REQUIRED ACTION: Task for the listing below: copy it out in full, exactly.
======== MATERIAL SUPPLIED ========
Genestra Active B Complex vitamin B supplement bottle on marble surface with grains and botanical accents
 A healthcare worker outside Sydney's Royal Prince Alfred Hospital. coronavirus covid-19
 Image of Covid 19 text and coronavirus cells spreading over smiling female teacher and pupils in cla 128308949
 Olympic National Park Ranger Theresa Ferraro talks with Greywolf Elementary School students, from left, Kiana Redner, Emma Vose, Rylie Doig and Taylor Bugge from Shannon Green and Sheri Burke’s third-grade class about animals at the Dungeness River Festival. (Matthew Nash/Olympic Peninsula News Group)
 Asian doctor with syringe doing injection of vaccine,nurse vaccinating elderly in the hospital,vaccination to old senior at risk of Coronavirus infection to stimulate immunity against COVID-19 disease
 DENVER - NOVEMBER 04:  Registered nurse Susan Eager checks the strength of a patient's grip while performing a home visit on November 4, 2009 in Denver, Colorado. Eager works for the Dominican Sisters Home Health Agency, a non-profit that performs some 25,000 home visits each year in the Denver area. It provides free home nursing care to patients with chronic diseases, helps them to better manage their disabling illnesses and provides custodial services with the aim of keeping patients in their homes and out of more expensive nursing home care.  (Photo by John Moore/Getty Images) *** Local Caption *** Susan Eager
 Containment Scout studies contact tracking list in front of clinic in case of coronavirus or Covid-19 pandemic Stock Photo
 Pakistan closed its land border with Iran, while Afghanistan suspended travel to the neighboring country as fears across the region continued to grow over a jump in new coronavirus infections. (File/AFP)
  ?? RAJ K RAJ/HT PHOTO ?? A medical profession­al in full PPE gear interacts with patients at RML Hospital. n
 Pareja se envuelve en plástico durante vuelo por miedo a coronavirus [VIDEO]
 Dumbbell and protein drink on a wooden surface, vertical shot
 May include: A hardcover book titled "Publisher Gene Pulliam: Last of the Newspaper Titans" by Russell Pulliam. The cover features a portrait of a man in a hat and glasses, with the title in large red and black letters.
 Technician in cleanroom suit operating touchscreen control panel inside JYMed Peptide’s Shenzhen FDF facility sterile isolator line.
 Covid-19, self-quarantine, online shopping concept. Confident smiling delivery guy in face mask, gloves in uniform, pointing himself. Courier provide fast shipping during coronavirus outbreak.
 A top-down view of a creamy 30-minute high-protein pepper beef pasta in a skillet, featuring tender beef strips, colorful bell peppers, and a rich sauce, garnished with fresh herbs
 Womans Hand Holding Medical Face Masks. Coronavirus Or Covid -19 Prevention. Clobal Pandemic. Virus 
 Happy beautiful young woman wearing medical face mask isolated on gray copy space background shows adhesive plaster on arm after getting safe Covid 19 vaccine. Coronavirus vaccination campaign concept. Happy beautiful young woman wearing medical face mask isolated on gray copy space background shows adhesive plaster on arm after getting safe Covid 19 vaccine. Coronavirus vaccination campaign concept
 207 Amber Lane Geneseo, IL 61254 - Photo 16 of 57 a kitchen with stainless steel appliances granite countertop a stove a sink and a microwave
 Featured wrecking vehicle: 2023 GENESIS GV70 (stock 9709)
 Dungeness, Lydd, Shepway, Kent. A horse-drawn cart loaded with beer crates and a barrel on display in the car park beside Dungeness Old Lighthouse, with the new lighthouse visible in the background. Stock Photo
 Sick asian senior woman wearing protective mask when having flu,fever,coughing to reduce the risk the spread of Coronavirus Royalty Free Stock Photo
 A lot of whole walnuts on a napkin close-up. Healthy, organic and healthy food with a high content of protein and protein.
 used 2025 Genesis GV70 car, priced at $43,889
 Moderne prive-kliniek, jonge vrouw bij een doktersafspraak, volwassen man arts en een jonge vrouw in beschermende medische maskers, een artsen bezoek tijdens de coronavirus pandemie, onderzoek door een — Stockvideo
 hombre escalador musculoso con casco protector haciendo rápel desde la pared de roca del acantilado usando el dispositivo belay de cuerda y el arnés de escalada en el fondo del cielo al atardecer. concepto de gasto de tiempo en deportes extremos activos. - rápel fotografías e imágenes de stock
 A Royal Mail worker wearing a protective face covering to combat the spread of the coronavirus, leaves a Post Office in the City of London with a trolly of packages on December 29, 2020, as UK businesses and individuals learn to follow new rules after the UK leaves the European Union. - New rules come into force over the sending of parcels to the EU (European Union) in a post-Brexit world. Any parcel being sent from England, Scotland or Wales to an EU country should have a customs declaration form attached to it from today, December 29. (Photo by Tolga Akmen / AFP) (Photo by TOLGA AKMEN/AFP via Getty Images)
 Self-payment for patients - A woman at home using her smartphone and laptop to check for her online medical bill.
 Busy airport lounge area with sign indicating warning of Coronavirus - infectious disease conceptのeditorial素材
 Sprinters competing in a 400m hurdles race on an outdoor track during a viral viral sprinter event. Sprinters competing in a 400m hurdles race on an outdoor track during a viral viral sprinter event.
========
TASK SOLUTION:
Genestra Active B Complex vitamin B supplement bottle on marble surface with grains and botanical accents
 A healthcare worker outside Sydney's Royal Prince Alfred Hospital. coronavirus covid-19
 Image of Covid 19 text and coronavirus cells spreading over smiling female teacher and pupils in cla 128308949
 Olympic National Park Ranger Theresa Ferraro talks with Greywolf Elementary School students, from left, Kiana Redner, Emma Vose, Rylie Doig and Taylor Bugge from Shannon Green and Sheri Burke’s third-grade class about animals at the Dungeness River Festival. (Matthew Nash/Olympic Peninsula News Group)
 Asian doctor with syringe doing injection of vaccine,nurse vaccinating elderly in the hospital,vaccination to old senior at risk of Coronavirus infection to stimulate immunity against COVID-19 disease
 DENVER - NOVEMBER 04:  Registered nurse Susan Eager checks the strength of a patient's grip while performing a home visit on November 4, 2009 in Denver, Colorado. Eager works for the Dominican Sisters Home Health Agency, a non-profit that performs some 25,000 home visits each year in the Denver area. It provides free home nursing care to patients with chronic diseases, helps them to better manage their disabling illnesses and provides custodial services with the aim of keeping patients in their homes and out of more expensive nursing home care.  (Photo by John Moore/Getty Images) *** Local Caption *** Susan Eager
 Containment Scout studies contact tracking list in front of clinic in case of coronavirus or Covid-19 pandemic Stock Photo
 Pakistan closed its land border with Iran, while Afghanistan suspended travel to the neighboring country as fears across the region continued to grow over a jump in new coronavirus infections. (File/AFP)
  ?? RAJ K RAJ/HT PHOTO ?? A medical profession­al in full PPE gear interacts with patients at RML Hospital. n
 Pareja se envuelve en plástico durante vuelo por miedo a coronavirus [VIDEO]
 Dumbbell and protein drink on a wooden surface, vertical shot
 May include: A hardcover book titled "Publisher Gene Pulliam: Last of the Newspaper Titans" by Russell Pulliam. The cover features a portrait of a man in a hat and glasses, with the title in large red and black letters.
 Technician in cleanroom suit operating touchscreen control panel inside JYMed Peptide’s Shenzhen FDF facility sterile isolator line.
 Covid-19, self-quarantine, online shopping concept. Confident smiling delivery guy in face mask, gloves in uniform, pointing himself. Courier provide fast shipping during coronavirus outbreak.
 A top-down view of a creamy 30-minute high-protein pepper beef pasta in a skillet, featuring tender beef strips, colorful bell peppers, and a rich sauce, garnished with fresh herbs
 Womans Hand Holding Medical Face Masks. Coronavirus Or Covid -19 Prevention. Clobal Pandemic. Virus 
 Happy beautiful young woman wearing medical face mask isolated on gray copy space background shows adhesive plaster on arm after getting safe Covid 19 vaccine. Coronavirus vaccination campaign concept. Happy beautiful young woman wearing medical face mask isolated on gray copy space background shows adhesive plaster on arm after getting safe Covid 19 vaccine. Coronavirus vaccination campaign concept
 207 Amber Lane Geneseo, IL 61254 - Photo 16 of 57 a kitchen with stainless steel appliances granite countertop a stove a sink and a microwave
 Featured wrecking vehicle: 2023 GENESIS GV70 (stock 9709)
 Dungeness, Lydd, Shepway, Kent. A horse-drawn cart loaded with beer crates and a barrel on display in the car park beside Dungeness Old Lighthouse, with the new lighthouse visible in the background. Stock Photo
 Sick asian senior woman wearing protective mask when having flu,fever,coughing to reduce the risk the spread of Coronavirus Royalty Free Stock Photo
 A lot of whole walnuts on a napkin close-up. Healthy, organic and healthy food with a high content of protein and protein.
 used 2025 Genesis GV70 car, priced at $43,889
 Moderne prive-kliniek, jonge vrouw bij een doktersafspraak, volwassen man arts en een jonge vrouw in beschermende medische maskers, een artsen bezoek tijdens de coronavirus pandemie, onderzoek door een — Stockvideo
 hombre escalador musculoso con casco protector haciendo rápel desde la pared de roca del acantilado usando el dispositivo belay de cuerda y el arnés de escalada en el fondo del cielo al atardecer. concepto de gasto de tiempo en deportes extremos activos. - rápel fotografías e imágenes de stock
 A Royal Mail worker wearing a protective face covering to combat the spread of the coronavirus, leaves a Post Office in the City of London with a trolly of packages on December 29, 2020, as UK businesses and individuals learn to follow new rules after the UK leaves the European Union. - New rules come into force over the sending of parcels to the EU (European Union) in a post-Brexit world. Any parcel being sent from England, Scotland or Wales to an EU country should have a customs declaration form attached to it from today, December 29. (Photo by Tolga Akmen / AFP) (Photo by TOLGA AKMEN/AFP via Getty Images)
 Self-payment for patients - A woman at home using her smartphone and laptop to check for her online medical bill.
 Busy airport lounge area with sign indicating warning of Coronavirus - infectious disease conceptのeditorial素材
 Sprinters competing in a 400m hurdles race on an outdoor track during a viral viral sprinter event. Sprinters competing in a 400m hurdles race on an outdoor track during a viral viral sprinter event.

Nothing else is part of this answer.